-- Task goal --
Return the data word for word. Pictures are to be omitted.

-- Data records --
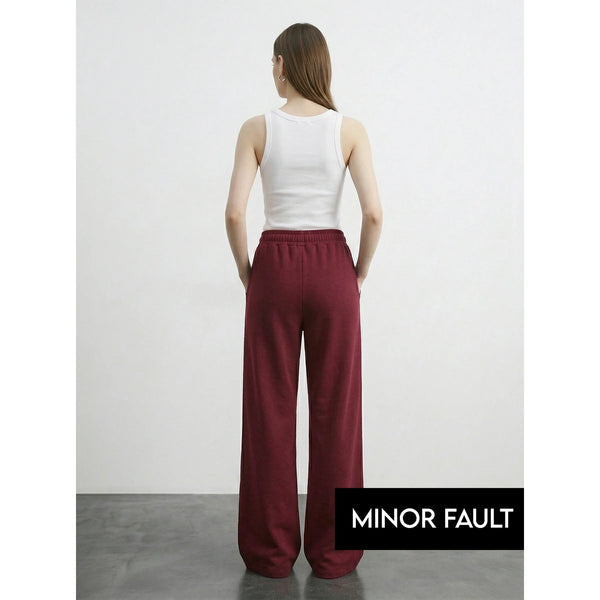 (Minor Fault) Burgundy Front Seam Wide Leg Trousers | Montivo Pakistan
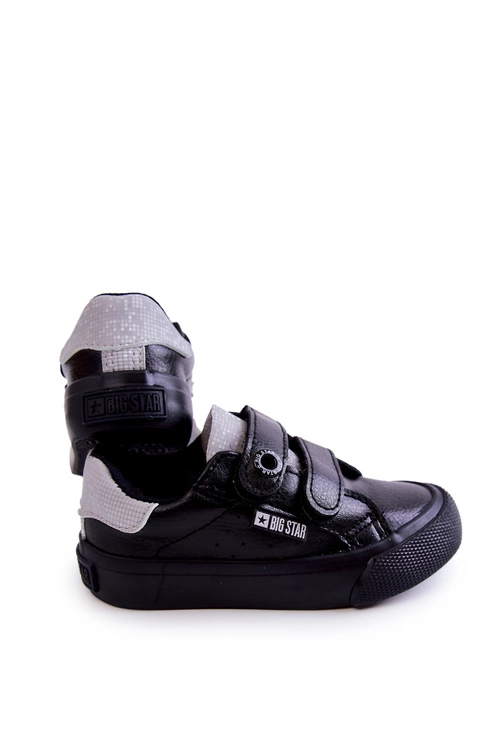 Dziecięce Trampki Na Rzepy Big Star JJ374110 Czarno-Szare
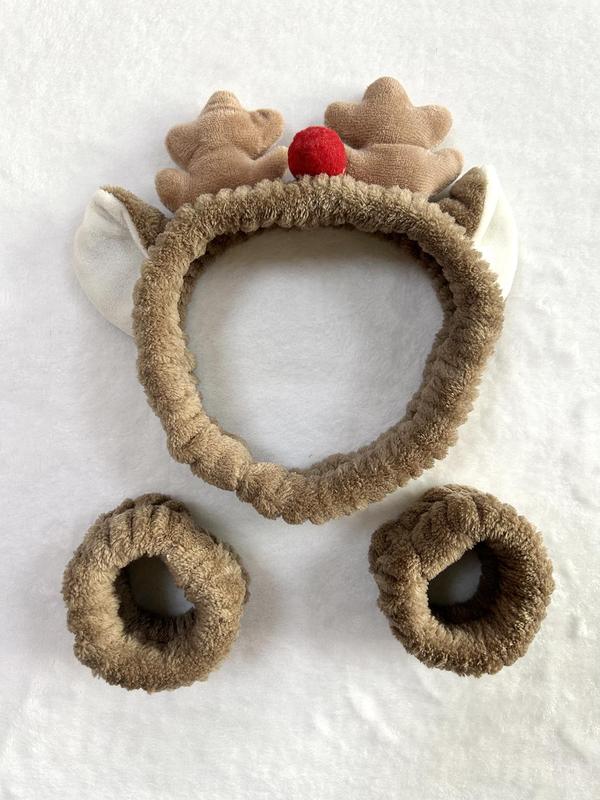 Cute Reindeer Antler Design Hair Band & Wristbands Set, Soft Plush Hair Accessories Set, Fashion Hair Accessories for Women & Girls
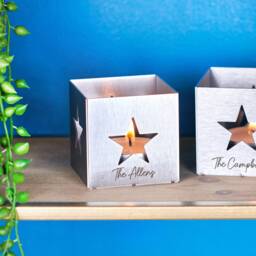 Personalised Star Metal Tea Light Holder - thumbnail 1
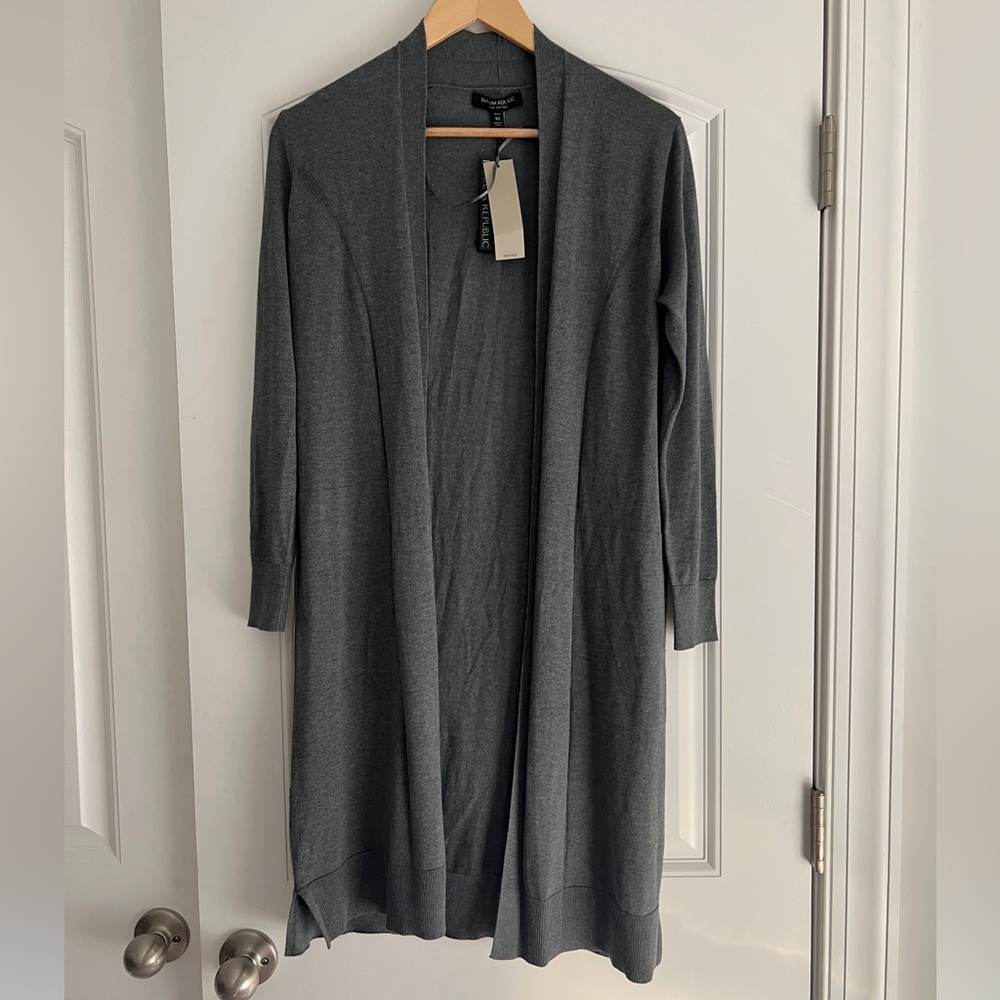 Banana Republic Charcoal Open Front Silk Duster Cardigan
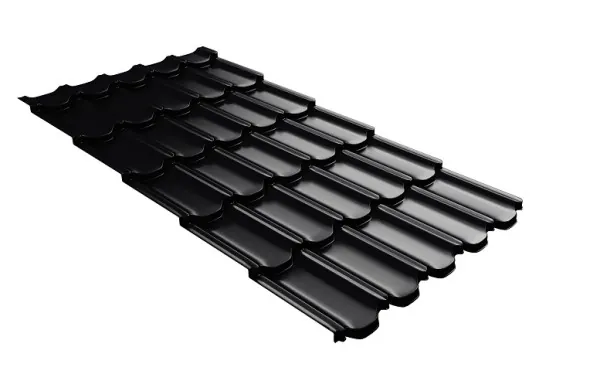Металлочерепица квинта плюс с 3D резом 0,5 Satin Мatt RAL 9005 черный купить в Воронеже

-- Response to the exercise --
 (Minor Fault) Burgundy Front Seam Wide Leg Trousers | Montivo Pakistan
 Dziecięce Trampki Na Rzepy Big Star JJ374110 Czarno-Szare
 Cute Reindeer Antler Design Hair Band & Wristbands Set, Soft Plush Hair Accessories Set, Fashion Hair Accessories for Women & Girls
 Personalised Star Metal Tea Light Holder - thumbnail 1
 Banana Republic Charcoal Open Front Silk Duster Cardigan
Металлочерепица квинта плюс с 3D резом 0,5 Satin Мatt RAL 9005 черный купить в Воронеже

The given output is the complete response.